Chris Savich and Mark Santoyo
LSSU Chemistry and Biology Students
Chris Savich and Mark Santoyo, were awarded a grant from the Fund for LSSU to purchase an EGFR enzyme system, ADP-Glo Kinase Assay Kit, and Staurosporine, so that they could conduct an interdisciplinary research project. The project consisted of Chris Savich synthesizing eight different 3,4-Dihydroquinazolines compounds through novel organic synthetic techniques, and then providing the compounds to Mark Santoyo to test for anti-cancer properties through the inhibition of the EGFR pathway.

Figure 1. Above is a picture of Chris Savich and Mark Santoyo
During the spring and early summer of 2017, Christopher Savich under the advisorship of Dr. R. Adam Mosey employed novel organic synthetic techniques to make a total of eight 3,4-Dihydroquinazolines. 3,4-Dihydroquinazolines are a class of nitrogen containing aromatic compounds that are of particular interest for their pharmaceutical properties, such as anti-fungal, anti-bacterial, and in the case of this study, their possibility for anti-cancer properties. Eight different 3,4-Dihydroquinazolines were made through a novel four step one-pot synthesis. Each of the eight 3,4-Dihydroquinazolines had different functional groups attached to the left side of the molecule so as to test which of the functional groups would produce the greatest effect.
During the summer of 2017, Mark Santoyo under the advisorship of Dr. Martha Hutchens began the second half of the project. Mark’s objective was to test whether any of the eight 3,4-Dihydroquinazoline compounds that Chris synthesized could inhibit the activity of an enzyme called EGFR (epidermal growth factor receptor) kinase. Excessive or uncontrolled activation of this enzyme contributes to the development of certain cancers. EGFR converts ATP to ADP, so if the enzyme was inhibited, less ADP would be produced. First Mark used the ADP-Glo Assay Kit to construct a standard curve relating luminescence intensity to ADP concentration. Next, he used the ADP-Glo kit together with the EGFR Enzyme System to optimize the concentration of EGFR kinase and its substrate for maximum ADP production. Mark then conducted the reaction but introduced a known kinase inhibitor Staurosporine, which was used as a positive control, providing data on how much inhibition would be needed from the 3,4-Dihydroquinazoline compounds to be considered significant. (Figure 2)

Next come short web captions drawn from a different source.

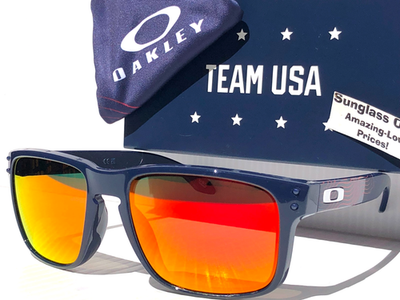 Oakley Holbrook サングラス 青/赤 ケース付き Oakley HOLBROOK Team USA Abyss Blue POLARIZED Galaxy Ruby Lens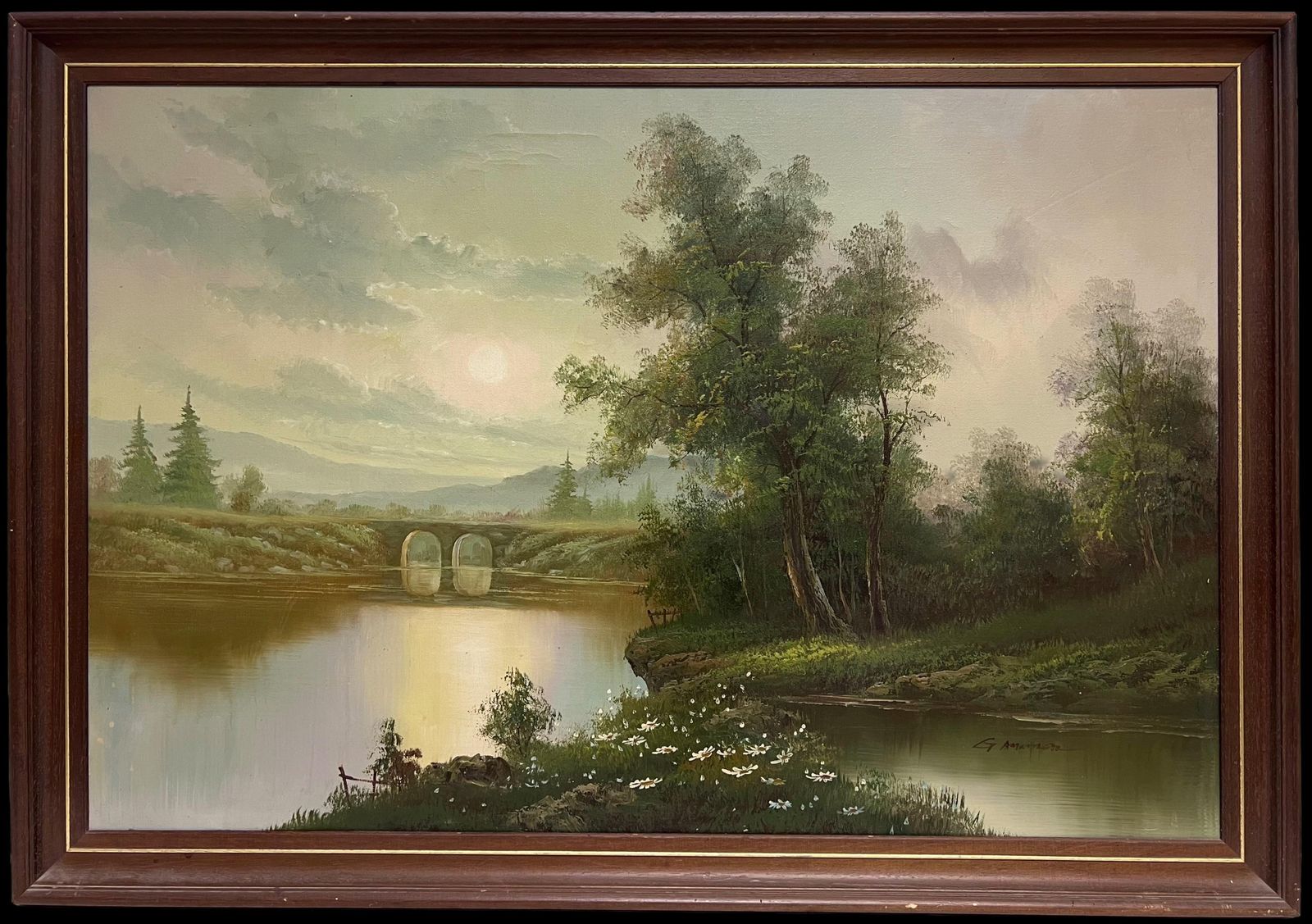 British Schoollarge 20th Century British Signed Oil Atmospheric Misty Lake Landscape & Bridge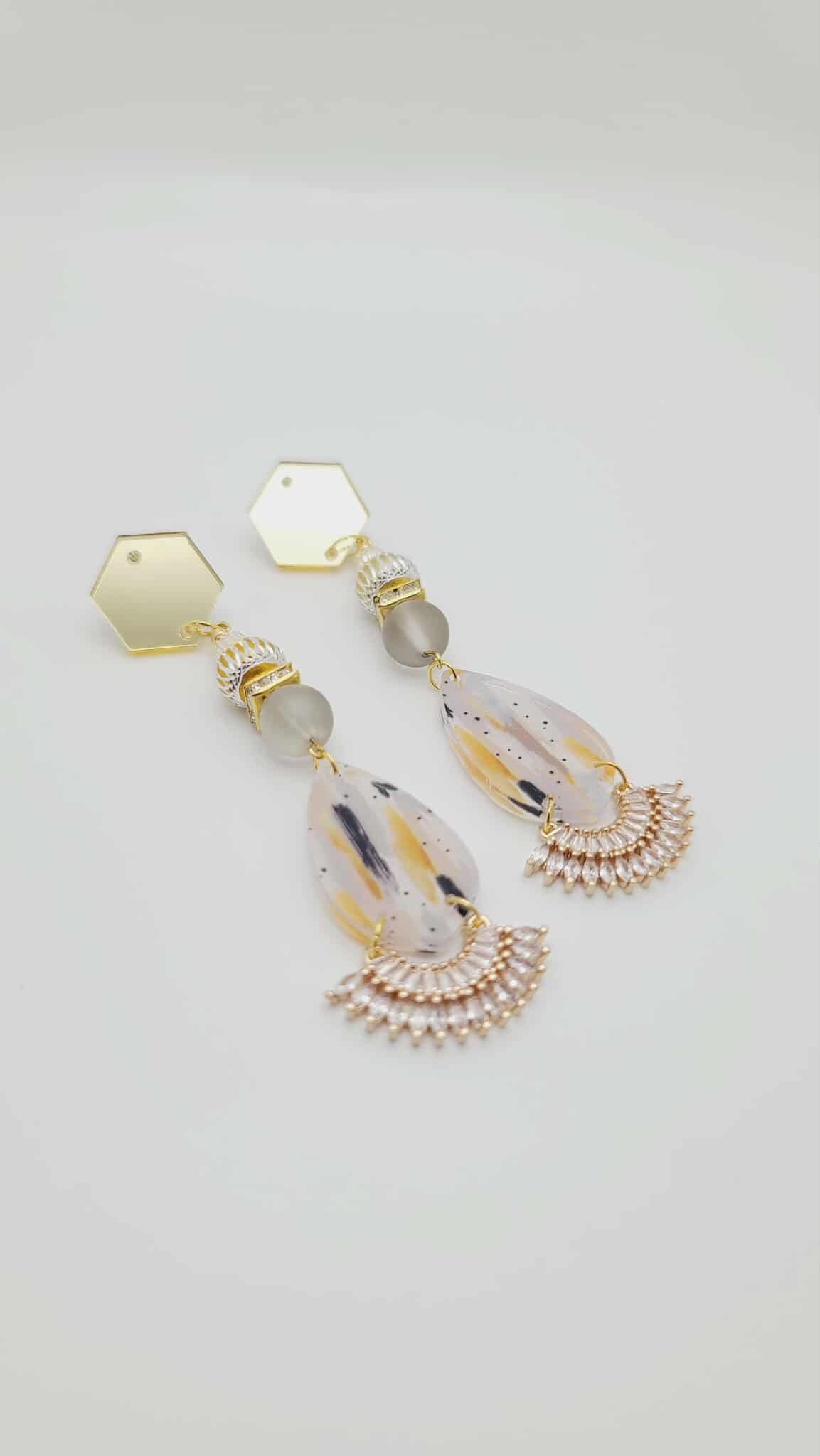 Golden Mirage Earrings (Mosaic 1637)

Figure 2. Above is a picture of Mark micropipetting a master mix into a 96 well plate.
Once the reference data was established and compounds were ready and purified (Figure 3), the reactions were repeated but instead of using Staurosporine, the 3,4-Dihydroquinazoline compounds were used. ADP production was measured by change in luminescence, read via a microplate reader. The result of this experiment were that the compounds exhibited no significant inhibition of ADP production. However, provided key information that can aid further research in the search for anti-cancer compounds by eliminating compounds with functional groups of the variety tested from the pool of possible functional groups.

Figure 3. Above is a picture of the compounds 51,53, 57 after purification.
In conclusion, Chris and Mark were given the ability to, respectively, utilize and practice organic synthetic chemistry in an applied setting and molecular biology techniques in a manner that came together to further our interdisciplinary understanding of signal transduction pathways, and their importance in current cancer research. We would like to thank the Fund of LSSU Grant for this great opportunity given to us, allowing us to further not only our education but also the understanding of cancer and the possible treatment of it.